:: Information supplied ::
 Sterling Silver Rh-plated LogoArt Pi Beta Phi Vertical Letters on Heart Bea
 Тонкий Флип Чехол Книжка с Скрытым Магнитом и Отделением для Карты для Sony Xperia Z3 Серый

* * *

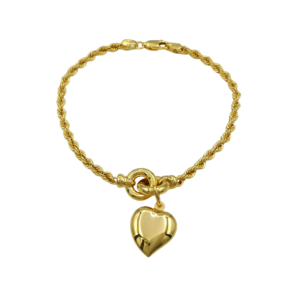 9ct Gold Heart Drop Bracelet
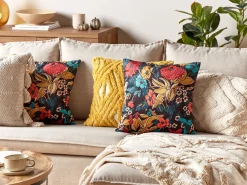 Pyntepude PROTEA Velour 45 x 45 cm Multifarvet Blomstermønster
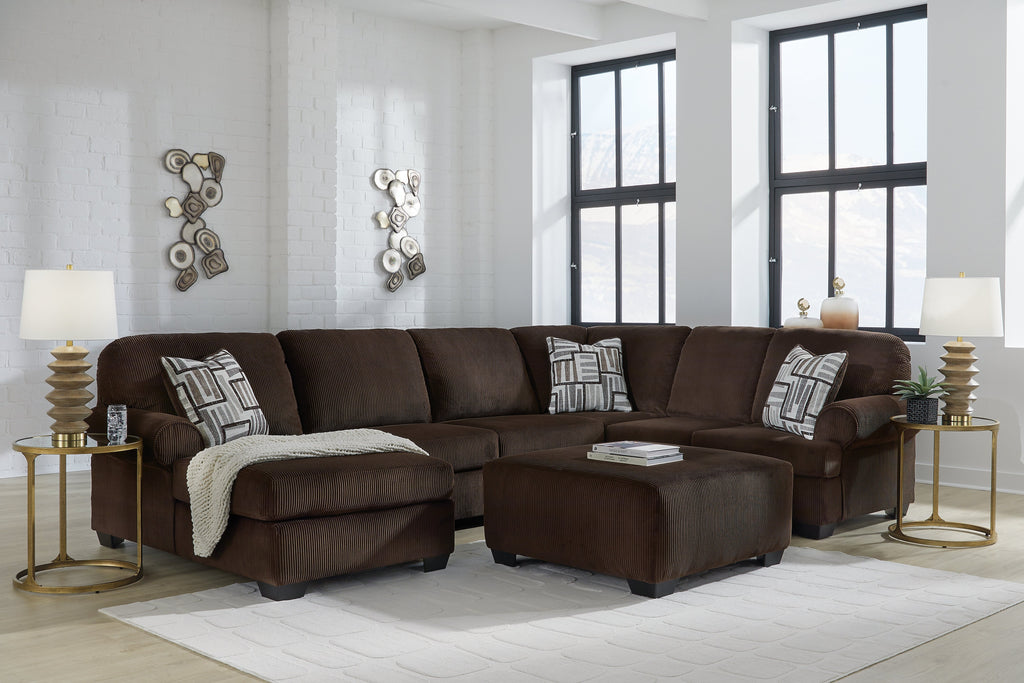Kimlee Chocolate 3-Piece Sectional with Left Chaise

---

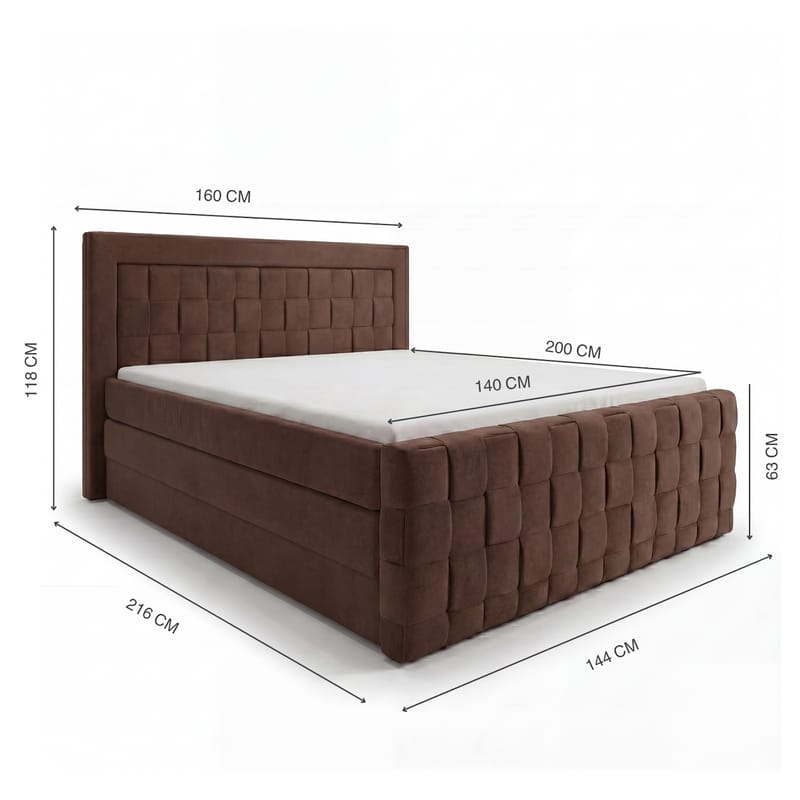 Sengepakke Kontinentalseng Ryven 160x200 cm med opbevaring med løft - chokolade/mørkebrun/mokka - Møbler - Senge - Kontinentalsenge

:: Problem details ::
Pictures excluded, transcribe the listing above exactly from the line with "9ct Gold Heart Drop Bracelet" through the line with "Kimlee Chocolate 3-Piece", and no further.

:: Result of the task ::
 9ct Gold Heart Drop Bracelet
 Pyntepude PROTEA Velour 45 x 45 cm Multifarvet Blomstermønster
Kimlee Chocolate 3-Piece Sectional with Left Chaise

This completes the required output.